Transcribe exactly, please, the lines from the one containing "玉珠峰 青藏铁路 青海 生态环境 藏野驴" through the end of the records below, and leave out the pictures.

Short descriptive text snippets
------------------------

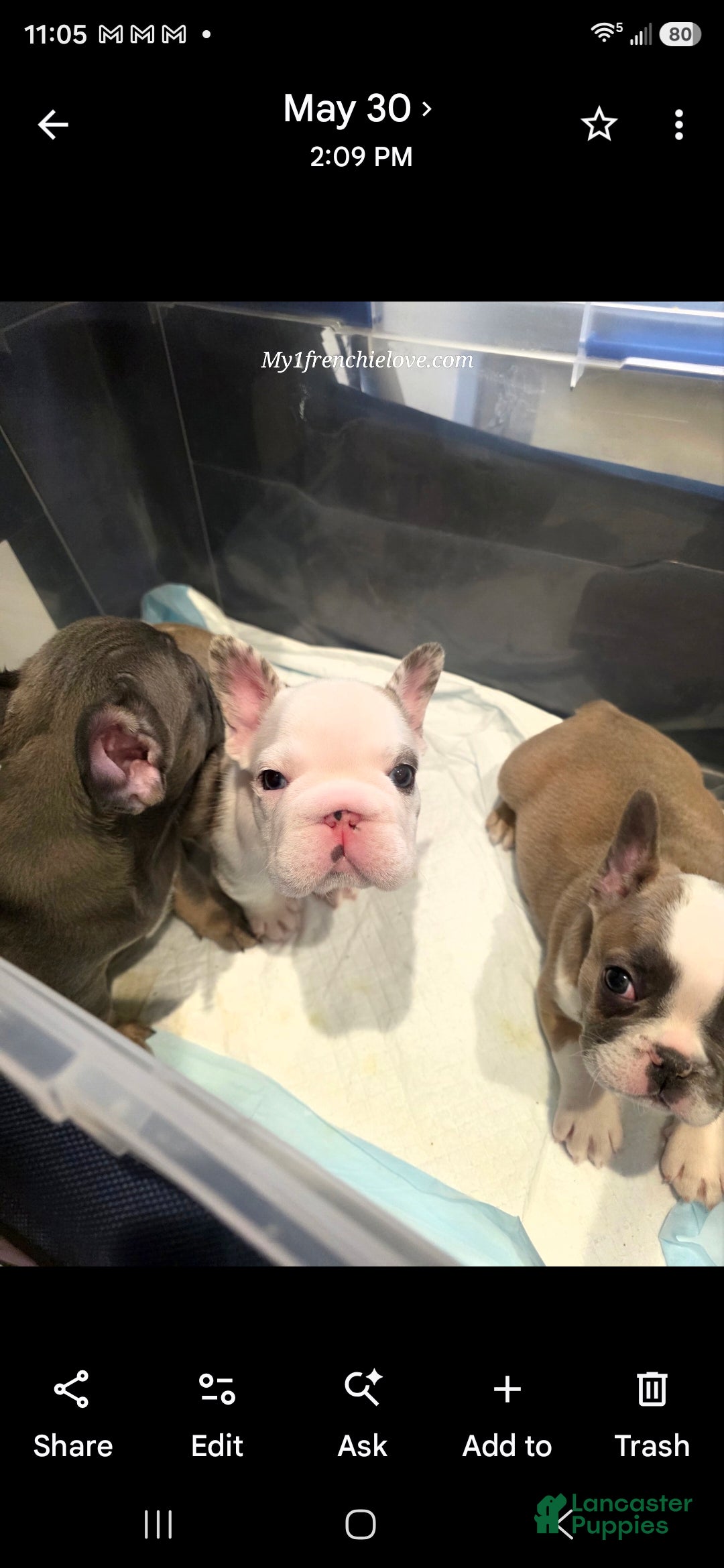 French Bulldog dogs Monica - Ad 1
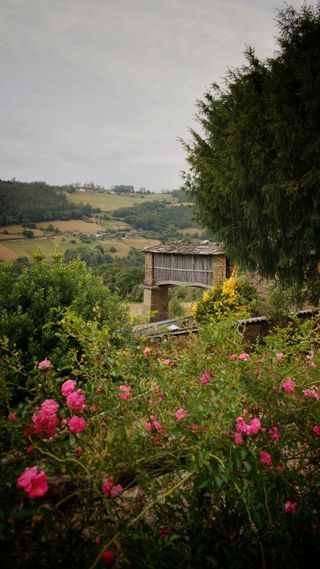 Samsung NX Mini - Cámara sensor 1"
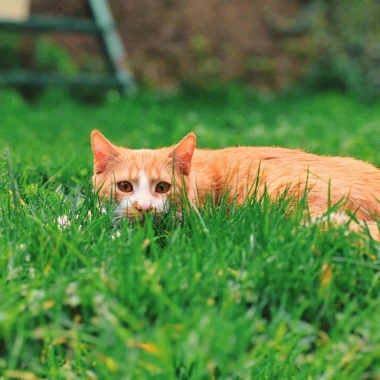 Kakvi slatki&scaron;i! Ovo su najslađi ljubimci na&scaron;ih čitateljica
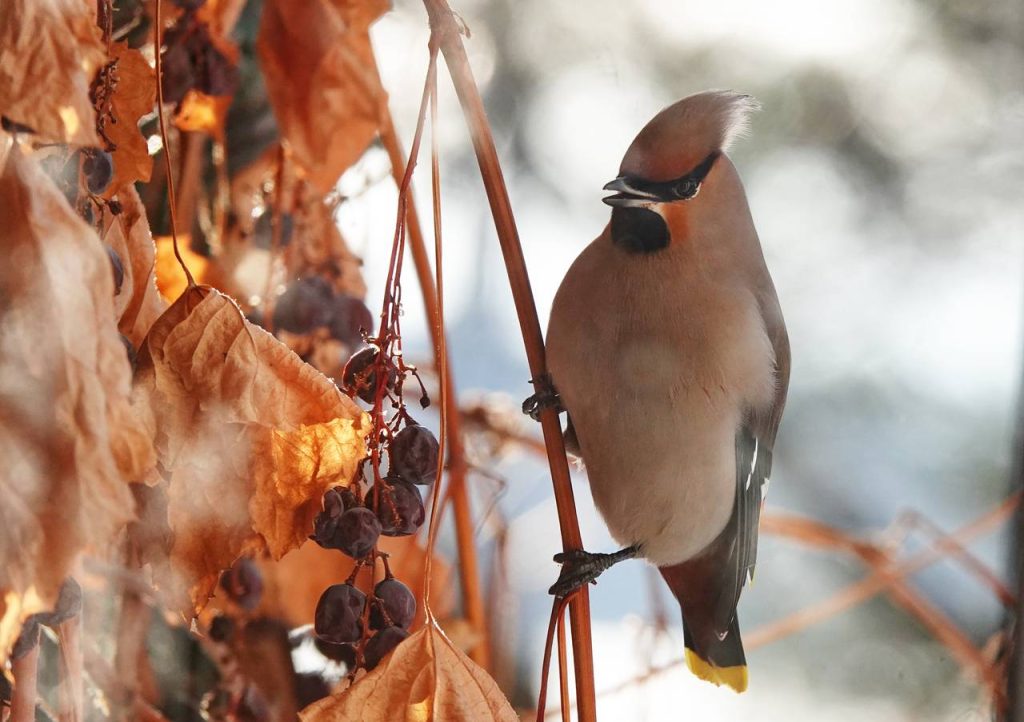 Москвичам рекомендовали подкармливать птиц зимой несоленым салом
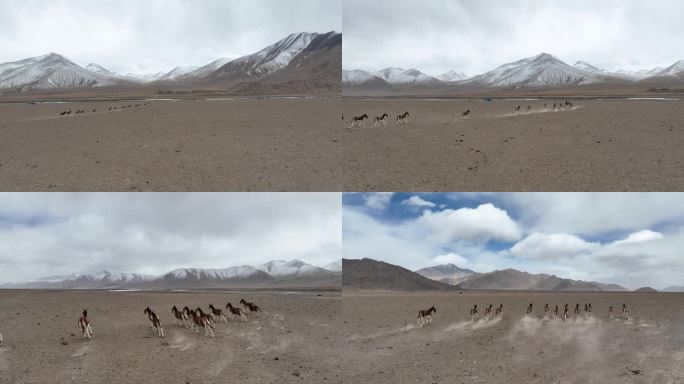 玉珠峰 青藏铁路 青海 生态环境 藏野驴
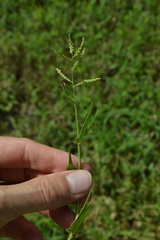 Urochloa reptans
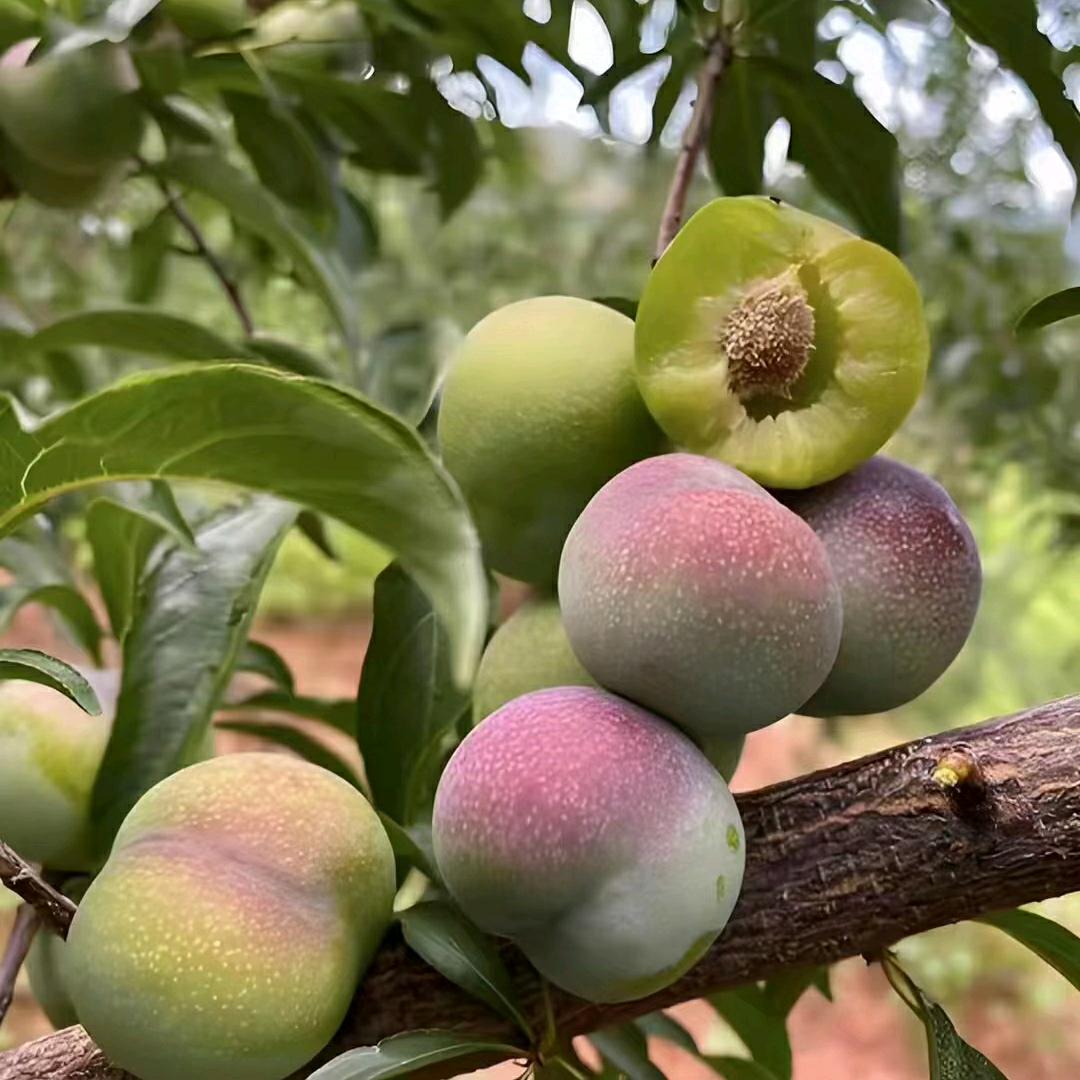 小王爱吃肉▬▬|▅▅▅▅▅▅▆▆▇◤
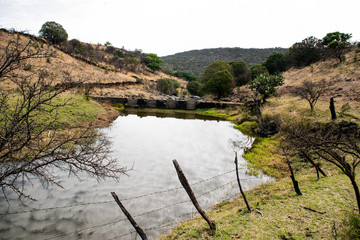 Paisaje de rancho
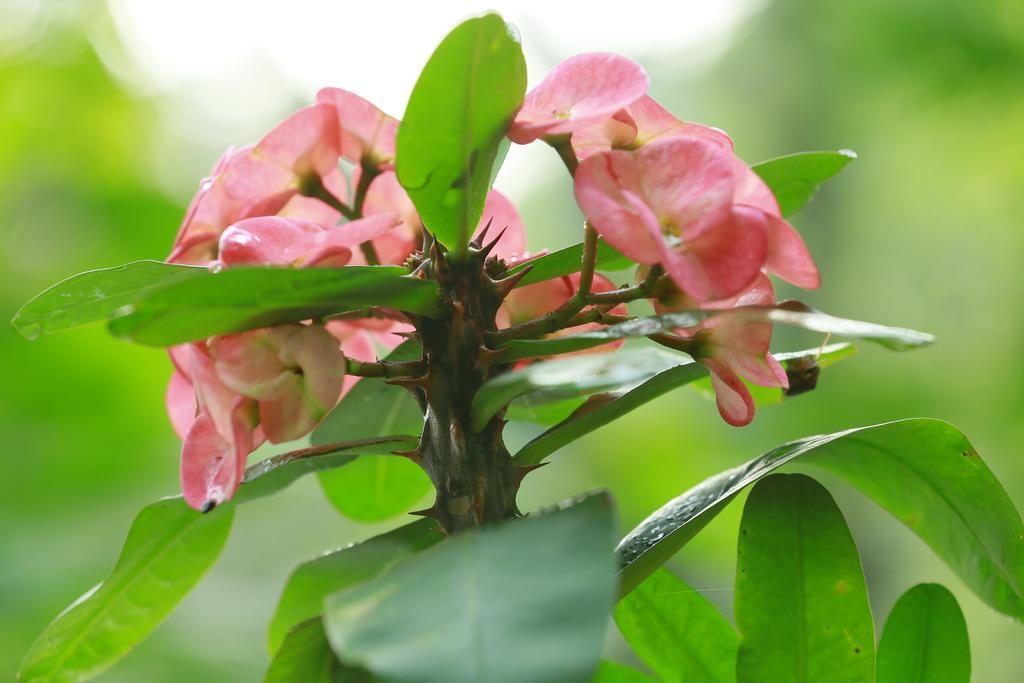 Mount Spring Valley Homestay Thekkady Eksteriør bilde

------------------------

> _EXERCISE OUTPUT_:
 玉珠峰 青藏铁路 青海 生态环境 藏野驴
 Urochloa reptans
 小王爱吃肉▬▬|▅▅▅▅▅▅▆▆▇◤
 Paisaje de rancho
 Mount Spring Valley Homestay Thekkady Eksteriør bilde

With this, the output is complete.